In order to prevent these things from happening, below are some tips you can follow to decorate a kids’ bedroom that promises playfulness minus the childish overtone.
Coordinating Colour Schemes
One of the proven ways to make a lasting kids’ bedroom design is to pick a two- or three-hues color scheme and stick with it. At the most, you need to choose tones that blend well with each other, can satisfy your kids’ thirst for colors but will not make an environment that would repel you from entering. Reserve the subtle colors for the walls as well as for big pieces, while the brighter ones are better used for smaller accents inside the bedroom.
Choosing the Right Furniture
The biggest chunk of your decorating budget is likely to go to your kids’ furniture. Hence, when choosing the pieces, you would want to opt for items that can grow with your kids. For instance, you can pick trundles and bunks that they can use for several years.
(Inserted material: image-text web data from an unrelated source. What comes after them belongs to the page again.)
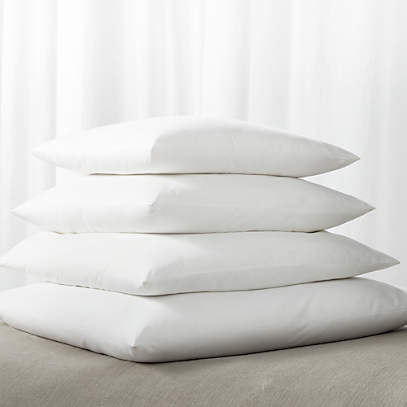 Down Alternative Square Pillow Inserts, King Size Down Alternative Bed Pillows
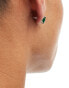 ASOS DESIGN stud earrings in emerald tone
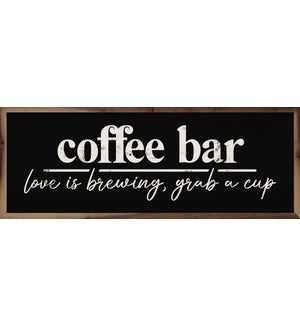 Coffee Bar Love Is Brewing Black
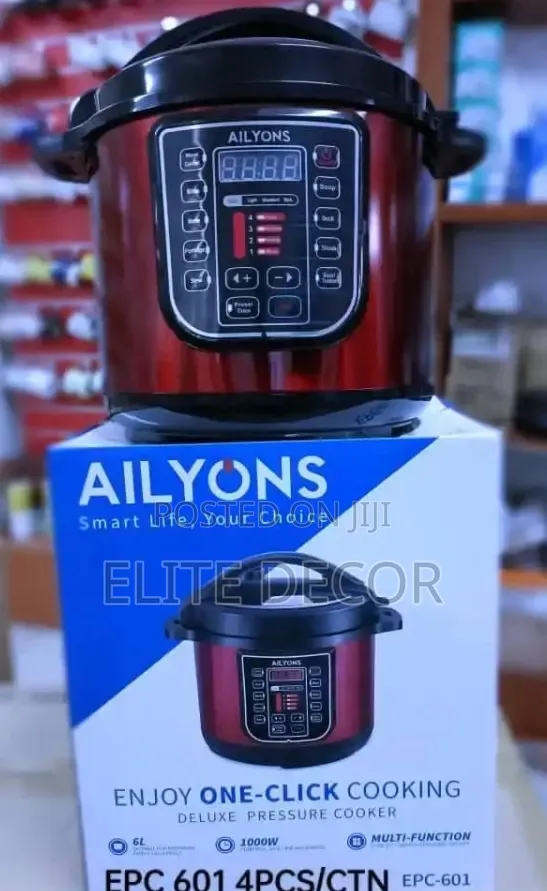 Ailyons 6 Litre Digital Pressure Cooker - 1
These are also good investments since they would also provide space for occasional sleepover guests.
Storage pieces are also critical to making your kids’ bedroom functional and they should not be overlooked when designing their room. It would be wise to devote a corner or a part of a wall for a book storage. A chest of drawers would also be a great addition as it can hold other items such as art supplies and other stuff your children frequently use. Nightstands, especially those fitted with drawers are useful as bedside storage that can keep lamps, clocks and other personal items at bay.
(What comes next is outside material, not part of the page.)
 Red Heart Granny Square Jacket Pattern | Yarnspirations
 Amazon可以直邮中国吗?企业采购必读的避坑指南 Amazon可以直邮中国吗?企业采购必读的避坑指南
When using furniture inside your kids’ bedroom, you can consider mixing different types and sizes, as doing so will lend a sense of identity and ownership to the space.
Use Efficient Lighting
Your kids bedroom should have efficient light sources, especially if it doubles as a study and play area for them. At the most, you should incorporate both ambient and task lighting to allow for better illumination and functionality. Ambient lighting will serve as the general illumination that will fill the entire room with sufficient amount of light. You can opt for a fixture that you can hang at the center of the ceiling. On the other hand, the task lighting can be used to brighten up a specific area. Good examples of which include small lamps that you can place on their bedsides for nighttime reading.
Cover the Floor
You can also make the floor a major design element inside your kids’ bedroom by covering it. For instance, you can place a broadloom near their beds, allowing them to crawl on the floor when they play. You can also opt to divide the floor into wet and dry sides to accommodate different activities. You can consider using linoleum or vinyl tiles that come in sheets for the wet side, where your kids can paint. Then for the dry side, you can add a rug, which will allow your kids to do puzzles and other games.
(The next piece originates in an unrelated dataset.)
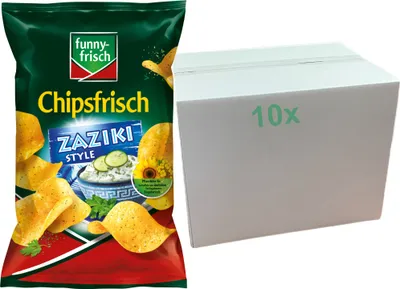 Produktbild von Funny-Frisch Chipsfrisch Zaziki (10x150g Packung)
If the windows of your kids’ bedroom are not utilised, see if they can accommodate a window seat. This is a great way to make use of every space available inside the room to offer your child a pleasant nook to read and play. You can have the window seat custom built or you can use a big flat trunk and top it off with pillows.
Accessorise Using Your Kids’ Stuff
Your can use your kids’ toys as decorative elements in their bedroom since they are colorful and they come in different sizes. Simply choose pieces that go well with the design scheme of the bedroom and arrange them properly in one of the storage spaces.